What to produce: Copy out each line of the data that contains "include".

Material for the task:
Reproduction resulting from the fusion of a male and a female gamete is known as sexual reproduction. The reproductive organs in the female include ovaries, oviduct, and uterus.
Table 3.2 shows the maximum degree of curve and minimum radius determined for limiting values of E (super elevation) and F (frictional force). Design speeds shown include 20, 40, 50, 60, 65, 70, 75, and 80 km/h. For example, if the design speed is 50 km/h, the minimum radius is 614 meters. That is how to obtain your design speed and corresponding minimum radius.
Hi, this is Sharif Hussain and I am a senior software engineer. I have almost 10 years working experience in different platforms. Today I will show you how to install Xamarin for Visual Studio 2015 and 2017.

==

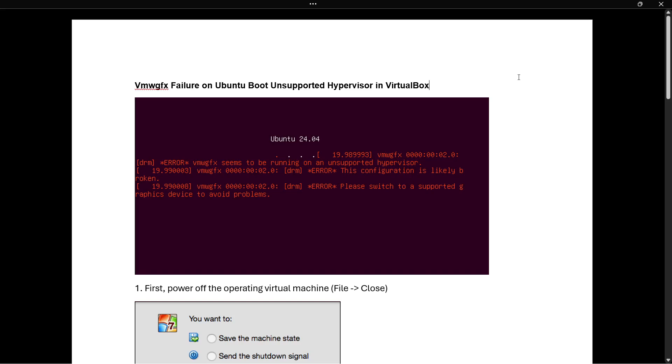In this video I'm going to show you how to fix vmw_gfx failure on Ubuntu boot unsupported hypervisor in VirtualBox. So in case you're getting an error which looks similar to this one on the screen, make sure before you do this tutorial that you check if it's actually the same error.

Result of this exercise:
Reproduction resulting from the fusion of a male and a female gamete is known as sexual reproduction. The reproductive organs in the female include ovaries, oviduct, and uterus.
Table 3.2 shows the maximum degree of curve and minimum radius determined for limiting values of E (super elevation) and F (frictional force). Design speeds shown include 20, 40, 50, 60, 65, 70, 75, and 80 km/h. For example, if the design speed is 50 km/h, the minimum radius is 614 meters. That is how to obtain your design speed and corresponding minimum radius.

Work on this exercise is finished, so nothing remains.